An American Tail: Fievel Goes West Review

An American Tail: Fievel Goes West
Relentlessly persecuted by New York's cat population, the immigrant Mousekewitz family head West in the hope of finding a better life.

by Matt Mueller |
Published on
Release Date:

22 Nov 1991

Running Time:

75 minutes

Certificate:

U

Original Title:

An American Tail: Fievel Goes West

The original American Tail, a fairly dull, lacklustre affair, now spawns a fairly dull and lacklustre sequel, albeit an inevitable one after the 1986 original became the highest-grossing animated feature of all time before The Little Mermaid rewrote the record books.

Two years on, the Russian Mousekewitz family are languishing in a poverty-ridden mouse tenement, struggling for that next bit of Swiss and dreaming of a better life. For adventurous tyke Fievel, this means heading to the American West and enforcing the law with his hero, rough, tough and gruff lawdog Wylie Burp, voiced by a very fragile-sounding James Stewart. And Fievel finally gets his wish when Cat R. Waul (one of the least dastardly animated villains ever, even with the slithering vocal talents of John Cleese) and his thuggish gang of tomcats flush the mice from their abodes.
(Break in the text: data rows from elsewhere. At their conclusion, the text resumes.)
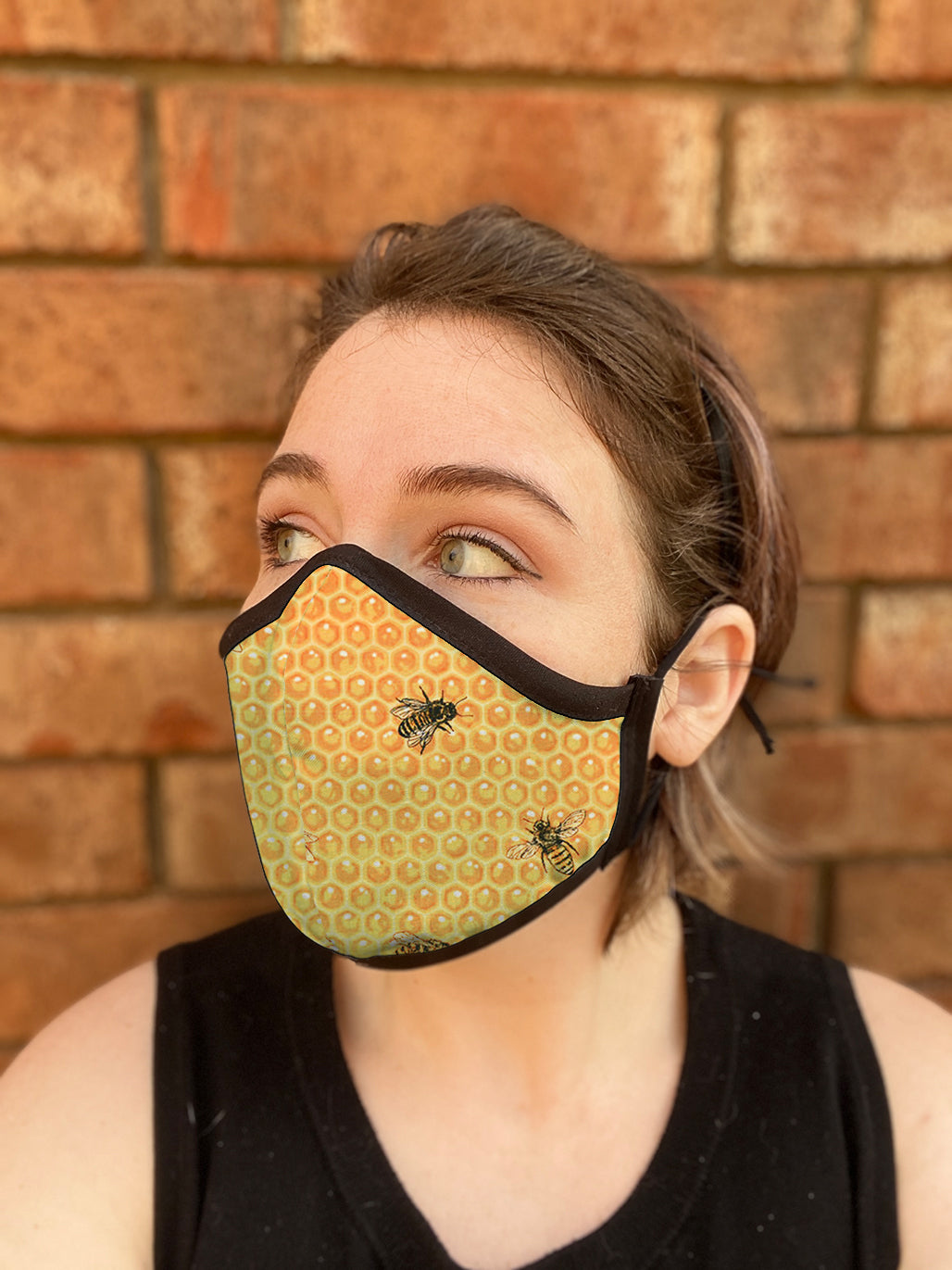 Four Layer Fully Wired Protective Cloth Face Mask - Made in USA - Honey Bee, Adult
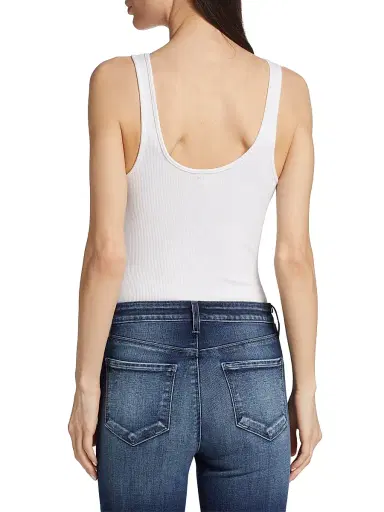 L'Agence Women's Nica Scoopneck Rib-Knit Bodysuit - White - Size XL | Thumbnail 5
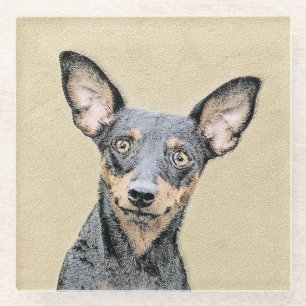Miniature Pinscher Painting Cute Original Dog Art Glass Coaster
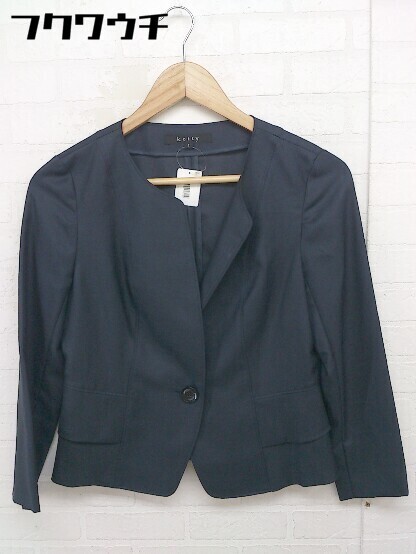 ◇ ketty ケティ 1B 七分袖 ノーカラージャケット サイズ1 ネイビー レディース拍卖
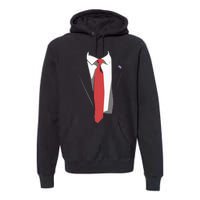 President Trump Suit Illustration Tie Lovers Premium Hoodie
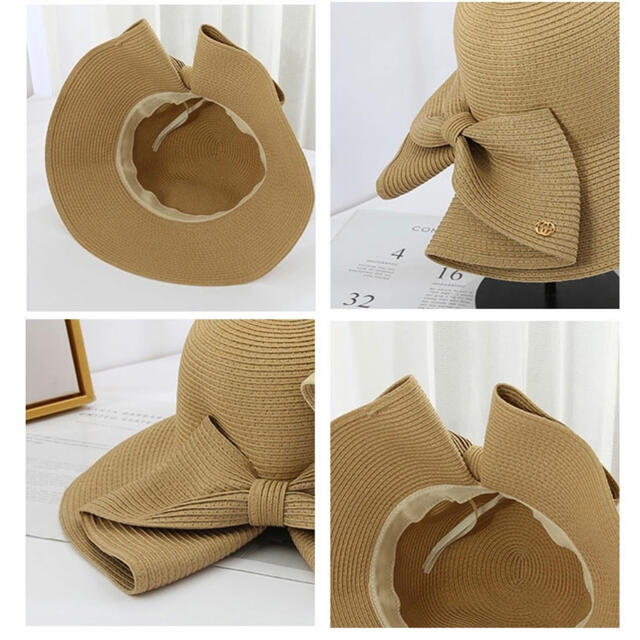 ZARA(ザラ)のバックリボン　ストローハット レディースの帽子(麦わら帽子/ストローハット)の商品写真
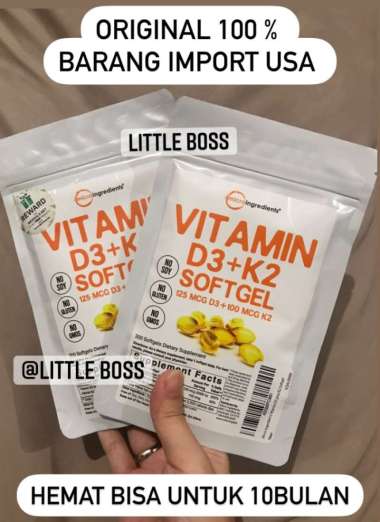 vitamin D3 K2 micro ingredients soft gel USA 300 softgel HALAL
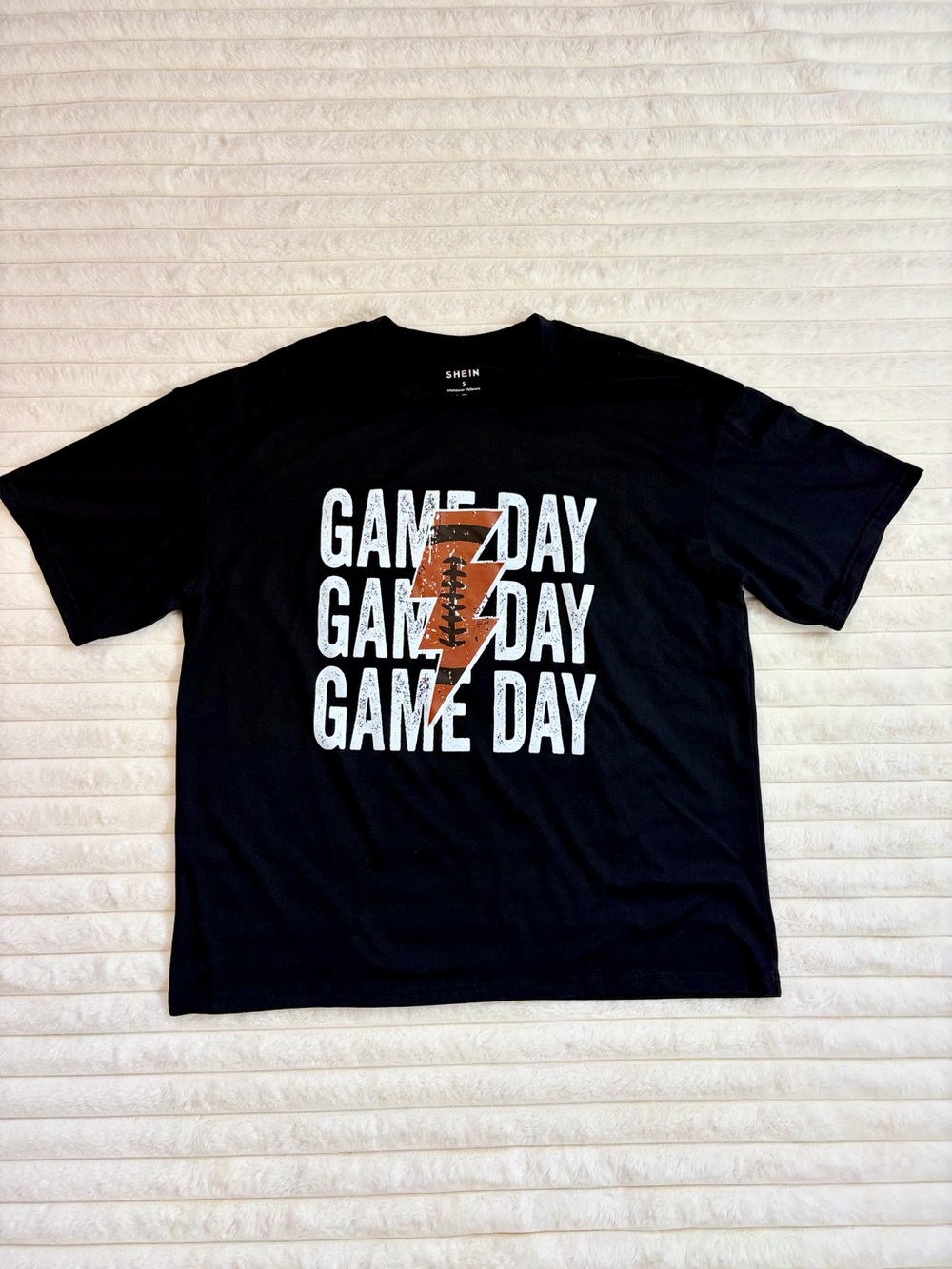 SHEIN Black 'Game Day' Graphic Tee with Orange Football Bolt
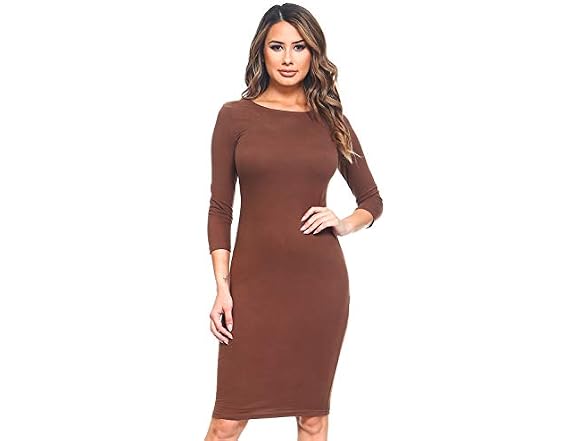 Yelete Women (L) Round Neck Sleeve Dress Mocha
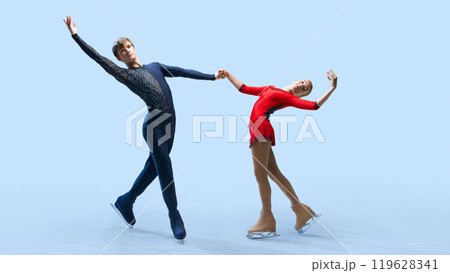 Impressive figure skating lift, showcasing the strength and grace of the skaters against cold blue background. Artistry in ice dance. 119628341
What should be a rollicking Wild West adventure instead derails into a major snoozefest for kids and adults alike as Fievel plods through his adventures in fairly predictable style, despite some fantastic chase sequences. Characters who might retain your, and your youngsters' fading interest - Chula the spider, voiced with appropriate menace by Jon Lovitz, and even Fievel's wimpy pal Tiger - are practically relegated to cameos.

The Wild West has rarely felt so drab, although there's just enough comic relief to save it from complete drudgery.